De kantonrechter oordeelt dat sprake is geweest van een rechtsgeldige oplevering. [gedaagde in conventie, eiseres in reconventie] heeft niet binnen de gestelde termijn, maar ook niet binnen een andere redelijke termijn, kenbaar gemaakt het werk te weigeren
onder aanwijzing van de gebreken, zoals dat in artikel 7:758 BW wordt vereist. Dit betekent dat [gedaagde in conventie, eiseres in reconventie] het werk stilzwijgend heeft aanvaard. De vraag of de gestelde termijn van vijf dagen wel of niet te kort was, behoeft naar het oordeel van de kantonrechter geen beantwoording, omdat zelfs in deze procedure door [gedaagde in conventie, eiseres in reconventie] nog steeds niet concreet is gemaakt vanwege welke gebreken hij het werk zou hebben geweigerd.
4.5.
Uit het voorgaande volgt dat het werk sinds 29 november 2023 als opgeleverd moet worden beschouwd en dat eventuele toen al kenbare gebreken niet meer aan [eiser in conventie, verweerder in reconventie] kunnen worden tegengeworpen.

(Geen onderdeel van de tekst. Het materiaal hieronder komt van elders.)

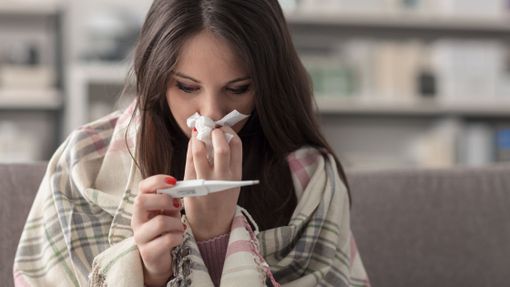 Effetti collaterali dei vaccini anti Covid-19 in Svizzera: esaminati 2269 episodi Effetti collaterali dei vaccini anti Covid-19 in Svizzera: esaminati 2269 episodi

De kantonrechter oordeelt dat [eiser in conventie, verweerder in reconventie] aan zijn verplichtingen uit de overeenkomst tot aanneming van werk heeft voldaan. [gedaagde in conventie, eiseres in reconventie] is dan ook sinds 29 november 2023 niet langer tot opschorting gerechtigd en is gehouden om het restantbedrag van € 11.350,14 te betalen.
4.6.
De wettelijke rente over de hoofdsom zal vanaf 14 december 2023 tot aan de dag der algehele voldoening worden toegewezen, omdat [gedaagde in conventie, eiseres in reconventie] vanaf die datum in verzuim is.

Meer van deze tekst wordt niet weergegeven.